At 37 DEG C, the T-2 toxin that is 0 ~ 1.0ng/mL by concentration successively respectively adds Apt-ssDNA solution toIn, T-2 toxin reacts with T-2 toxin aptamer, generates aptamer-T-2 toxin, discharges ssDNA. At this moment, in systemThere are the materials such as ssDNA, residue (unreacted) APT-ssDNA and aptamer-T-2 toxin.
(cushioning liquid consists of 50mMTris-HCl, 10mMMgCl to add 10 μ L cushioning liquid2,10mM(NH4)2SO4, pH7.5), then add dNTP (10mM) 18 μ L. In system, add 2 μ LPhi29DNA polymerizations again(10u/ μ l), reacts 15 minutes enzyme at 37 DEG C, makes with T-2 toxin aptamer-signal probe hybridization sequences (Ap-SsDNA) increase into double-stranded DNA for touching plate. At 65 DEG C, keep making for 10 minutes Phi29DNA deactivation.
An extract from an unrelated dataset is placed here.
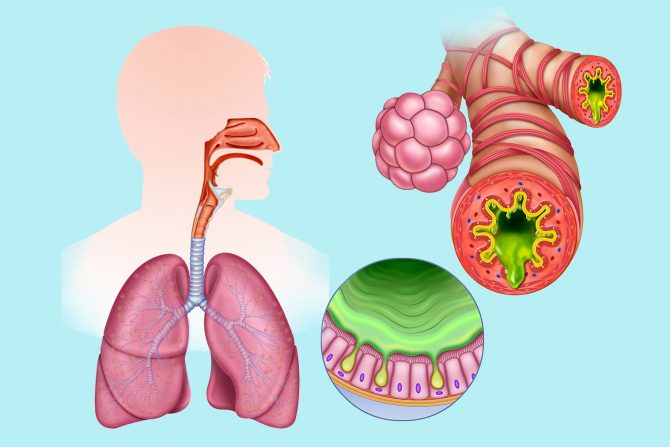 Postnazalna sekrecija - sluz- kašalj-knedla u grlu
In this reaction system, add 2 μ LExoIII exonucleases (20u/ μ L) again, at 37 DEG C, react 30 pointsClock, makes optionally double-stranded DNA to be hydrolyzed into mononucleotide and removes double-stranded DNA, and single-stranded probe ssDNA is not hydrolyzed and retainsCome.
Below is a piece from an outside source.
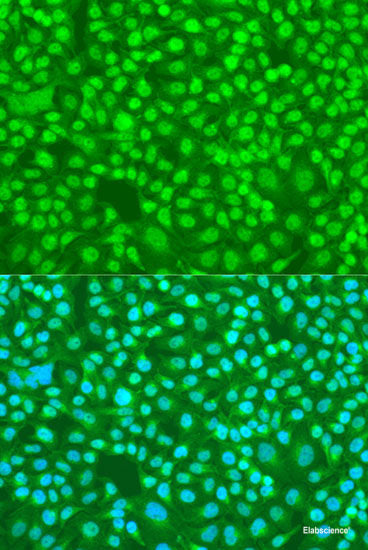 Western blot analysis of extracts of various cell lines using PPM1J Polyclonal Antibody at dilution of 1:3000.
In reactant liquor, add 25 μ L1mmol silver nitrates and 180 μ L sodium citrate buffer solutions (10mM, pH7.0).Then, mixture is at room temperature placed after 10 minutes in lucifuge or darkroom, and under rapid stirring, adding 100 μ L concentration is 200 μ MFreshly prepd sodium borohydride solution. Then at 45 DEG C, react 5 ~ 10min. Solution is transferred to micro-cuvette, measuresThe fluorescence intensity of system, carries out the quantitative assay of T-2 toxin, and result as shown in Figure 1.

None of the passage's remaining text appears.